Regia di Kathryn Bigelow vedi scheda film
Una macchina da presa nervosa e adrenalinica e un montaggio serrato servono a Kathryn Bigelow per immergere lo spettatore nelle azioni di alcuni artificieri dell’esercito americano in missione in Iraq. Paesaggi lunari e macerie, la luce abbagliante del deserto e le apparecchiature ipertecnologiche dei soldati, la guerra sembra essere entrata in un regime di virtualità in cui le varie missioni ricordano quelle da eseguire in un qualsiasi war-game per consolle. L’effetto cinematografico e sensoriale creato dalla Bigelow è di tipo immersivo, senza distanze di sicurezza dall’evolversi e dall’esplodere dell’azione. Poche divagazioni stilistiche (alcuni slow motion), un ritmo capace di allentare e serrare la tensione narrativa ed emotiva in maniera esemplare, una rappresentazione della guerra che non vuole trasformarsi in riflessione etica ma che si concentra sugli elementi “filmici” insiti nella guerra stessa: esplosioni, situazioni estreme, dispositivi ottici e meccanici.

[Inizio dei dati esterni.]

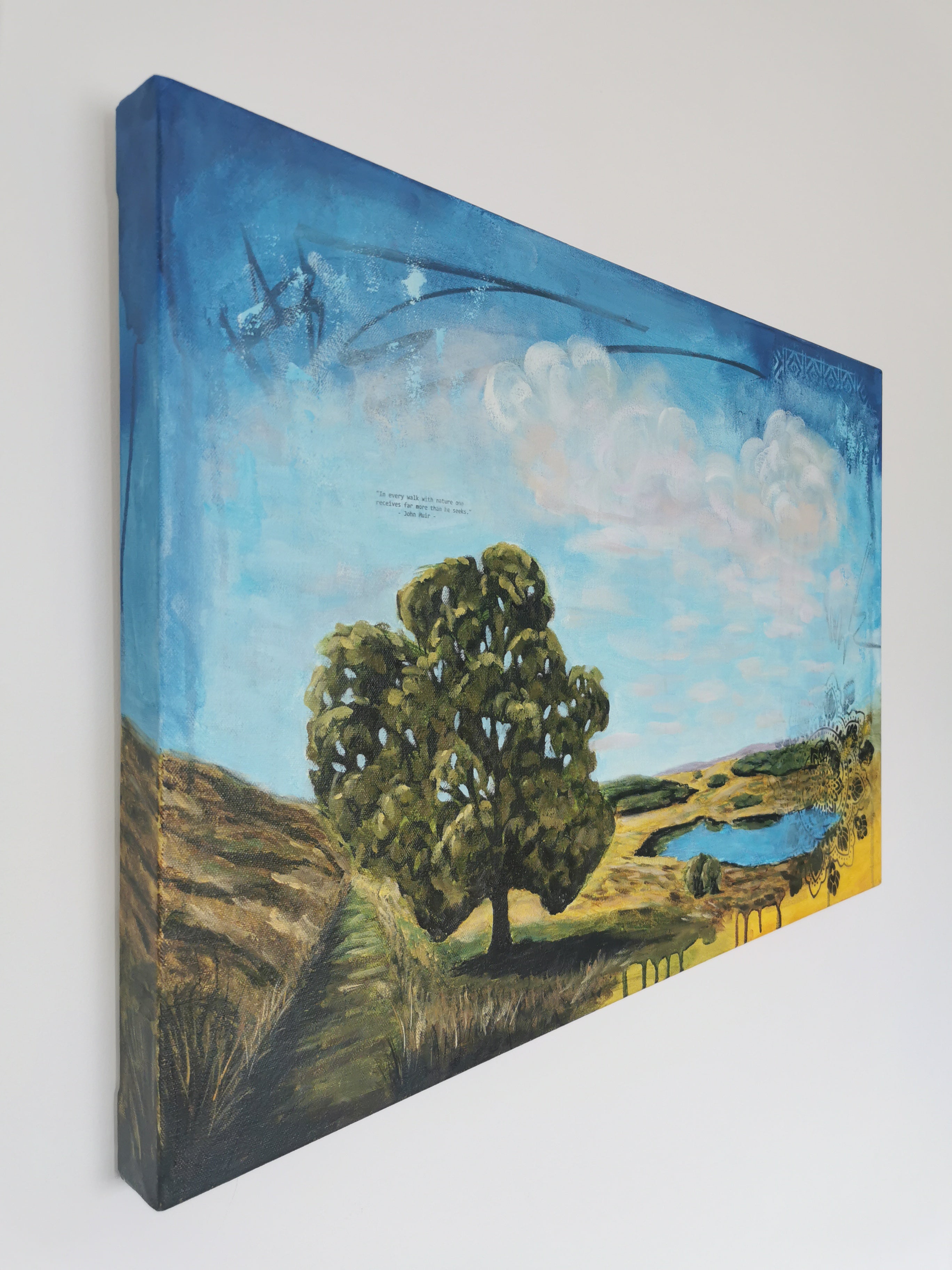 Painting of a tree and Calf Hey landscape on a wall.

L’idea della guerra come droga, espressa nella frase che apre il film, si manifesta proprio nel tipo di partecipazione militare del sergente maggiore James, che sembra dannatamente a suo agio nelle azioni più pericolose, al limite del suicidio. L’adrenalina che scorre, il contatto diretto con la morte, i tempi che si dilatano, ogni particolare che assume importanza, questi gli elementi che creano dipendenza. La guerra dunque come espressione della massima vitalità umana, proprio nel momento in cui essa si trasforma in distruzione e pratica di morte. Il film della Bigelow diventa così una impressionante macchina ludica, in cui i soldati americani “giocano” a fare la guerra, riscoprendo quegli istinti primordiali, mediati però dalla tecnologia, che li trasportano su un piano sensoriale e percettivo in cui combattere diventa l’unico modo per accedere a stimoli e situazioni di ordine superiore rispetto a quelli della quotidianità (l'apparente ritorno alla vita familiare di James). Il rischio è di non potere fare più a meno di questi stimoli. The Hurt Locker è quindi un film che si occupa dell’azione dell’uomo in una situazione estrema, la guerra, cercando di cogliere con uno stile al limite del documentario i suoi atteggiamenti in questo contesto. La Bigelow volendosi troppo avvicinare ai vari elementi (umani, psicologici, di azione e rappresentazione) che mette in scena perde la distanza necessaria per vederli in un’ottica più ampia, quella della guerra intesa come strumento politico e soprattutto economico. La regista, come un’antropologa, studia sul campo l’essere umano in combattimento, ne rimane affascinata e turbata e costruisce un flusso di immagini di straordinaria potenza, una paradossale esaltazione della vita che nelle azioni di guerra trova una sua perfetta maniera di esprimersi.